──────── Working data

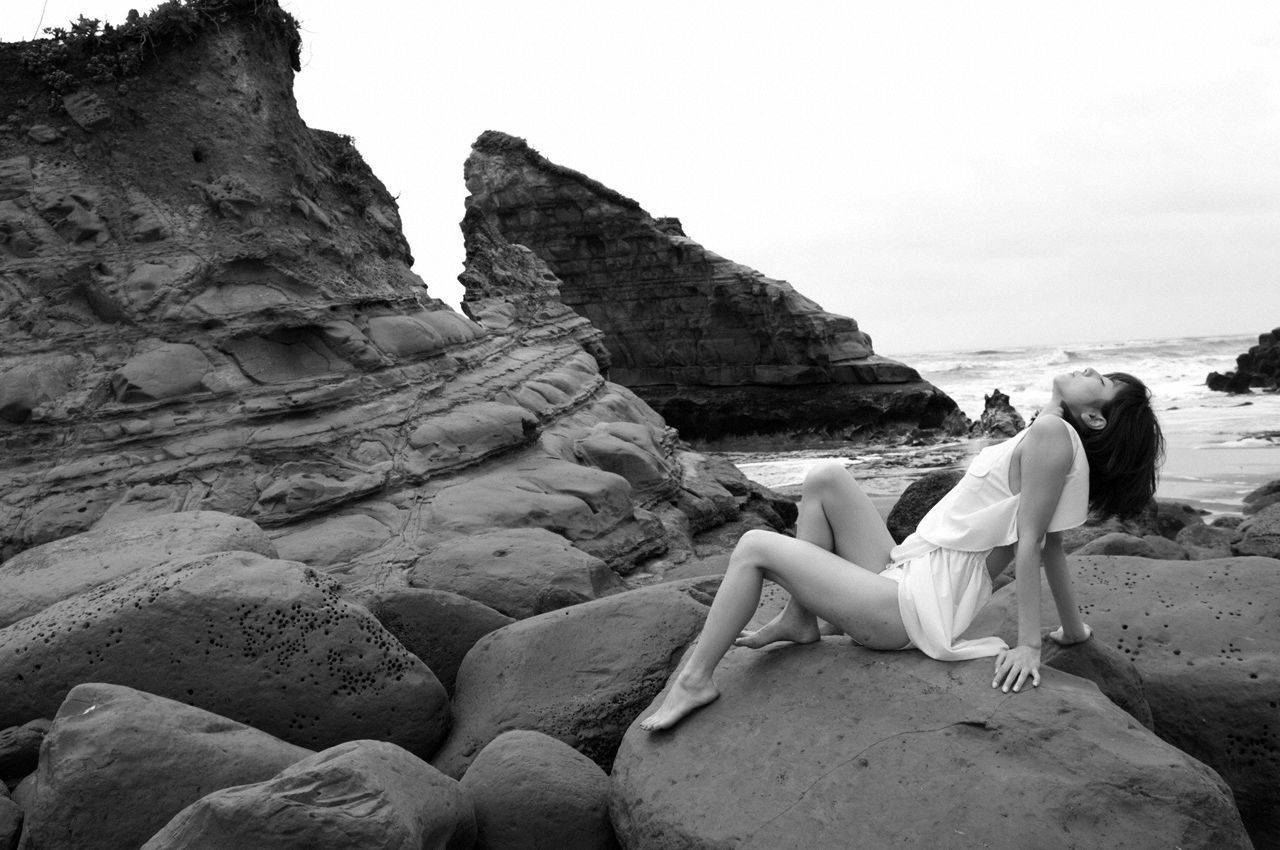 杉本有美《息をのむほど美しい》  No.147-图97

────────────────
──────── Working data

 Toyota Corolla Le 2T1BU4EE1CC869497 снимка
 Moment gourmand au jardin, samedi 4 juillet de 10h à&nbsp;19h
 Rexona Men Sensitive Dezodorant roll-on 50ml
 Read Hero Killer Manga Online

────────────────

Would you retype the lines above from the one with "Moment gourmand au" down to the one with "Read Hero Killer Manga Online", word for word, both ends included and no other lines?

 Moment gourmand au jardin, samedi 4 juillet de 10h à&nbsp;19h
 Rexona Men Sensitive Dezodorant roll-on 50ml
 Read Hero Killer Manga Online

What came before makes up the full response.